ISOLE TREMITI (FG) di redazione AntennaSud

 

Il crollo del prezzo del petrolio, sceso stabilmente sotto i 40 dollari e le controversie legate al progetto non voluto dai Pugliesi, né dai Molisani, ha posto la parola fine alle tenute trivelle in mare Adriatico. Il No alle trivelle, gridato dagli slogan per strada, ora è realtà.
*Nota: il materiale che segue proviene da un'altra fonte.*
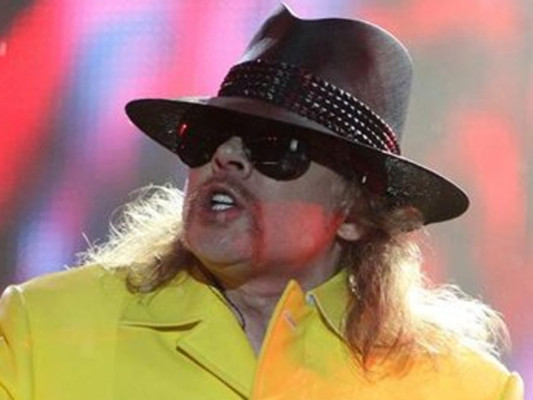 Así luce Axl Rose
La Puglia e non solo, canta vittoria. Quelle manifestazioni per strada, sul mare, le proteste, gli striscioni hanno portato alla rinuncia da parte della società che avrebbe dovuto trivellare il Mare Adriatico alla ricerca dell'oro nero. La società Petroceltic ha presentato al Mise istanza di rinuncia in merito al permesso di ricerca nel Mare Adriatico meridionale, a largo delle isole Tremiti. Lo annuncia la stessa società, che sottolinea come "essendo trascorsi 9 anni dalla presentazione dell'istanza, periodo durante il quale si è registrato un significativo cambiamento delle condizioni del mercato mondiale, Petroceltic Italia ha visto venir meno l'interesse minerario al predetto permesso".  Il crollo del prezzo del petrolio, sceso stabilmente sotto i 40 dollari, mette in cirisi i progetti per la ricerca dei nuovi giacimenti dei grandi colossi del petrolio, da Shell a ExxonMobile, e di conseguenza anche le società minori. In realtà questa potrebbe essere la ragione che ha posto fine ad uno dei progetti più controversi degli ultimi anni: l'esplorazione dei fondali, alla ricerca di idrocarburi, al largo delle isole Tremiti.  Il Mise accoglie "con rispetto" la rinuncia della Petroceltic al permesso di ricerca al largo delle Tremiti. Si tratta, spiega, "di un passo indietro che risponde ad esigenze industriali strategiche della società di cui il ministero prende atto".

    "Spero adesso che, grazie anche a questa scelta - dice il ministro Federica Guidi - venga messa una volta per tutte la parola fine a strumentalizzazioni sul tema delle attività di ricerca in mare che erano infondate già prima e che lo sono, a maggior ragione,dopo la decisione della Petrolceltic". Soddisfatto il presidente Michele Emiliano.